UDA Creation Quickstart

This page provides a quickstart guide to creating a UDA that counts the number of records in a table within a specified timestamp range for each unique combination of values across a given set of columns. To help validate the UDA, you can replicate the query using the getData API.

The UDA creation process consists of the following steps:

Prerequisites: Ensure you meet all the necessary prerequisites.
Develop the UDA: Develop the UDA ensuring your code is modular, efficient, and well-documented. Validate it with different datasets to ensure it performs as expected in various scenarios, using the test results to refine and optimize the UDA for performance and accuracy.
Add the UDA to a package: Arrange all necessary files, including the UDA code, dependencies, metadata, and registration in a structured manner in a package and specify required configuration settings, such as environment variables, to ensure the UDA functions correctly after deployment.
Test on a staging environment: Deploy the UDA in a staging environment to test it integrates well with other components.
Deploy to Production: Deploy the package to your production environment.

Refer to the UDA Configuration guide for more details.

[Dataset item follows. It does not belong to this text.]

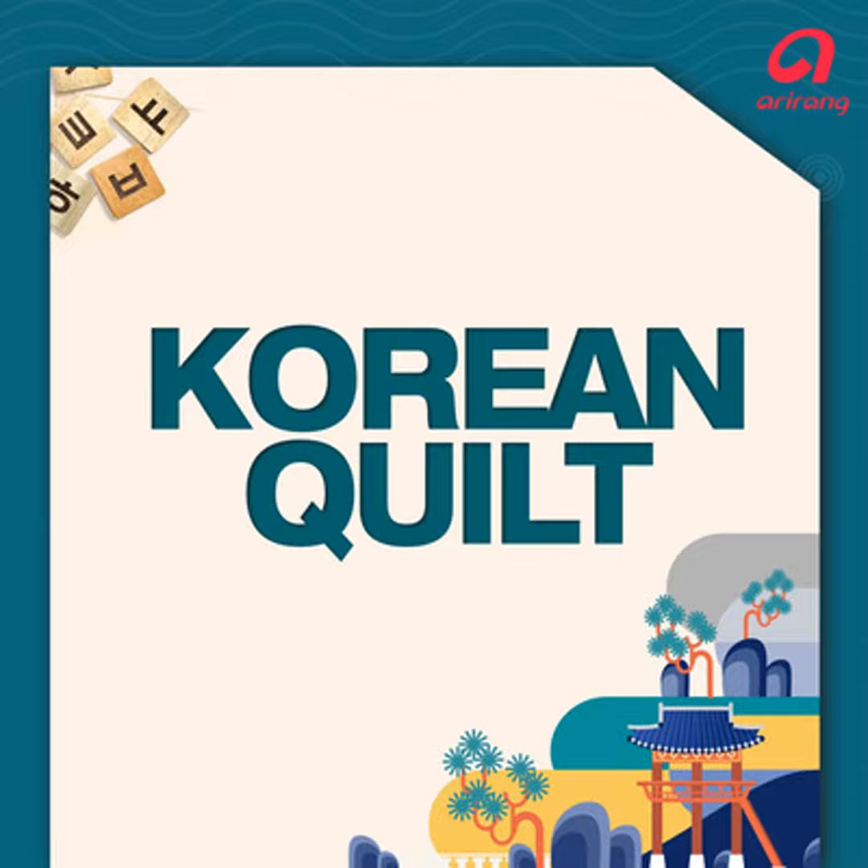Unfortunately, Richard, we're out of time. Thanks for being with us. We'll see you next time here on Korean Quilt. Bye for now, everyone.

By the end of this quickstart the UDA described here will be queryable on your database

The UDA counts the number of records in a table within a timestamp for each unique combination of values in a specified set of columns.

// Query function.
// Custom count by UDA.

// @desc Counts number of entries by specified columns.
// @param table     {symbol}            Table name.
// @param startTS   {timestamp}         Start time (inclusive).
// @param endTS     {timestamp}         End time (exclusive).
// @param byCols    {symbol|symbol[]}   Column(s) to count by.
// @return          {dict|table}        The `byCols` dictionary and table payload. 
.exampleuda.countByQuery:{[table;startTS;endTS;byCols]
    bc:bc!bc:(),byCols; / Convert byCols into dictionary for select table
    agg:enlist[`x]!enlist(count;`i); / Create aggregation to get count of records
    res:.kxi.selectTable`table`startTS`endTS`groupBy`agg!(table;startTS;endTS;bc;agg)); / Select data
    .kxi.response.ok(byCols;res) / Return both the table result and the by clause for easy aggregation
    }

// Aggregation function.
// @desc Takes partial results and sums the counts by the groupby dictionary returned from DAPs.
// @param res   {list[][]}  Partial result from all DAPs. This includes `byCols` and payload.
.exampleuda.countByAgg:{[res]
    bc:first first res; / Get the groupBy columns
    t:raze last each res; / Get table data from each DAP and convert to one table
    res:?[t;();bc;enlist[`cnt]!enl(sum;`x)] / Functional form of 'select sum x by {byCols} from t'
    .kxi.response.ok res / Return result with success codes
    }


// Metadata.
metadata:.kxi.metaDescription["Custom UDA - does a count by."],
    .kxi.metaParam[`name`type`isReq`description!(`table;-11h;1b;"Table name.")],
    .kxi.metaParam[`name`type`isReq`description!(`byCols;11 -11h;1b;"Column(s) to count by.")],
    .kxi.metaParam[`name`type`isReq`description!(`startTS;-12h;1b;"Start time (inclusive).")],
    .kxi.metaParam[`name`type`isReq`description!(`endTS;-12h;1b;"End time (exclusive).")],
    .kxi.metaReturn`type`description!(98h;"Count by specified columns.");

// Registration.
.kxi.registerUDA `name`query`aggregation`metadata!(`.exampleuda.countBy;`.exampleuda.countByQuery;`.exampleuda.countByAgg;metadata);

1. Prerequisites

Before trying to create this UDA ensure the following prerequisites are met:

You have access to a kdb Insights Database instance.
The kxi CLI is installed and configured on your system.
You are familiar with how packaging works. A solid understanding of packaging is essential for understanding how UDAs are packaged. Refer to the Packaging Overview documentation for more information.
You have a database that contains a subway partitioned table with the direction_id and route_long_name columns populated with data.

2. Develop

In this section, you define the UDA code, test it using the subway table with the direction_id and route_long_name columns, and run it against the current date.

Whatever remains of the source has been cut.